Chapter 9, Training ML Models at Scale in SageMaker Studio, discusses how a typical ML life cycle starts with prototyping and then transitions to production scale, where the data is going to be much larger, models are much more complicated, and the number of experiments grows exponentially. SageMaker Studio makes this transition easier than before. You will learn how to run distributed training, how to monitor the compute resources and modeling status of a training job, and how to manage training experiments with SageMaker Studio.
Chapter 10, Monitoring ML Models in Production with SageMaker Model Monitor, looks at how data scientists used to spend too much time and effort maintaining and manually managing ML pipelines, a process that starts with data processing, training, and evaluation and ends with model hosting with ongoing maintenance. SageMaker Studio provides features that aim to streamline this operation with continuous integration and continuous delivery (CI/CD) best practices. You will learn how to implement SageMaker Projects, Pipelines, and the model registry, which will help operationalize the ML life cycle with CI/CD.

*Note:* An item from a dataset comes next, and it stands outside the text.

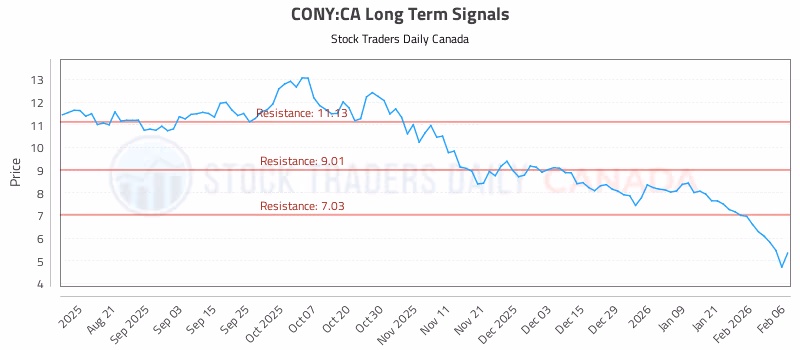 Stock Chart for CONY:CA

Chapter 11, Operationalize ML Projects with SageMaker Projects, Pipelines, and Model Registry, discusses how having a model put into production for inferencing isn't the end of the life cycle. It is just the beginning of an important topic: how do we make sure the model is performing as it is designed and as expected in real life? Monitoring how the model performs in production, especially on data that the model has never seen before, is made easy with SageMaker Studio. You will learn how to set up model monitoring for models deployed in SageMaker, detect data drift and performance drift, and visualize feature importance and bias in the inferred data in real time.